A definition of equality.

Lean’s type theory contains a definition of equality! This is great because it means we know where we stand. Here’s the definition:

inductive eq {X : Type} : X → X → Prop
| refl (a : X) : eq a a

infix ` = `:50 := eq

What does all that baloney mean? Well, this is an inductive definition of a binary relation. Let X be a type or a set or however you want to think of a collection of stuff. The binary relation eq on X takes as input two things in X, call them a and b, and spits out a true-false statement eq a b. We’ll get to the definition in a second, but that last line means “the notation a = b is defined to mean eq a b, with BIDMAS-power 50”. Let’s use the = notation from now on instead of eq, because it’s familiar-looking.

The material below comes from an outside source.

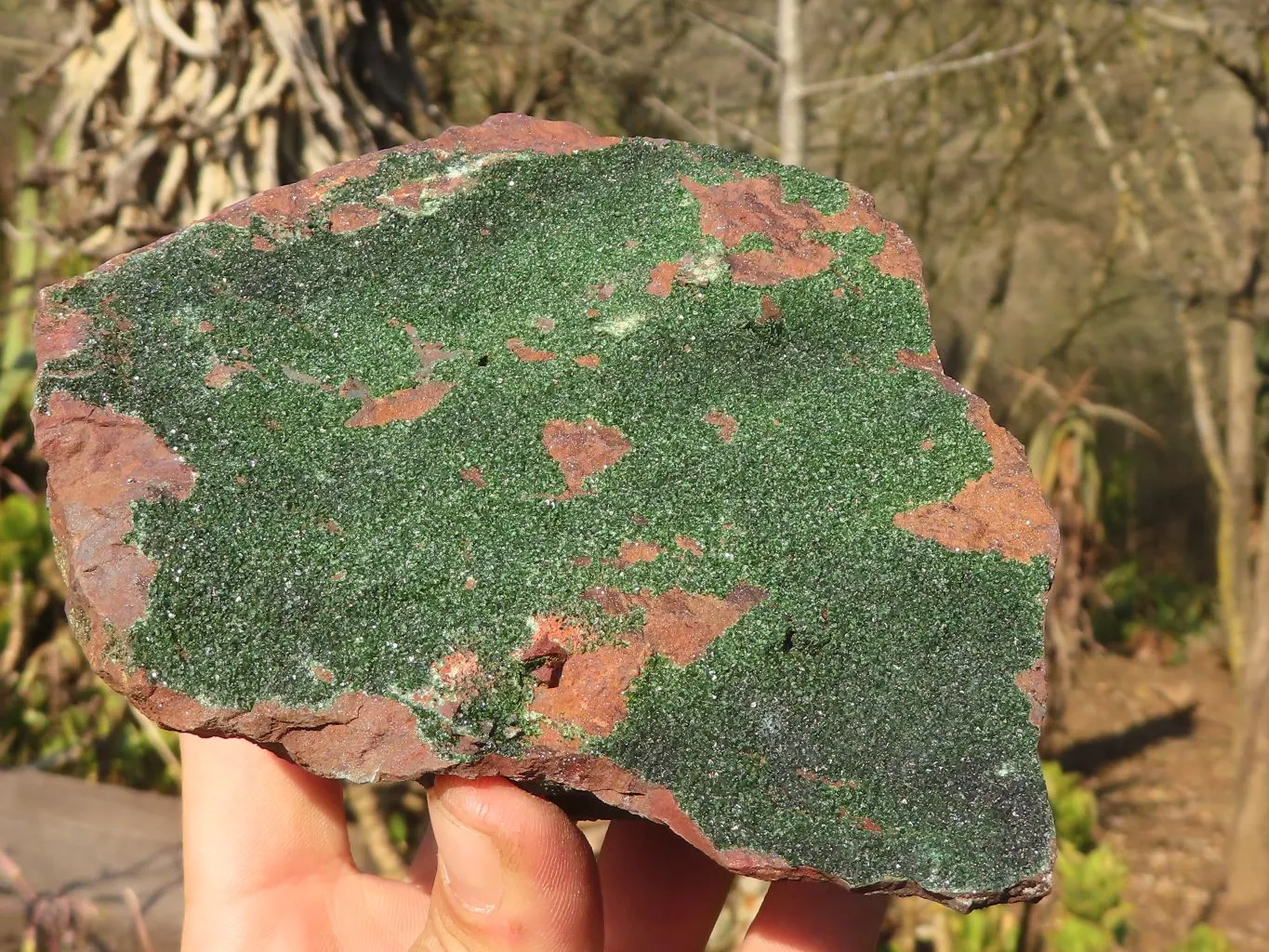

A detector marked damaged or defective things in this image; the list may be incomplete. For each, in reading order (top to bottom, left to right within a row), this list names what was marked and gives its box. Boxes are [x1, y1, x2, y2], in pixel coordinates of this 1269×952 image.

So, let’s get to the heart of the matter: how do we define a = b? Well, Lean’s definition says the following: “there is only one tool we have to prove the equality of two things, and it’s the theorem refl a, which is a proof of the statement a = a. That’s it.” Thanks to Andrej Bauer who on Twitter pointed out that a neat way to think about this definition is: equality is the smallest binary relation which is reflexive. Andrej also tells me that this is Martin-Löf’s definition of equality.

OK great. We have now apparently defined the true-false statement a = b, and we can prove that a = a is true, so this is a good start. But how the heck are we going to go from this to symmetry and transitivity? We’re going to use induction!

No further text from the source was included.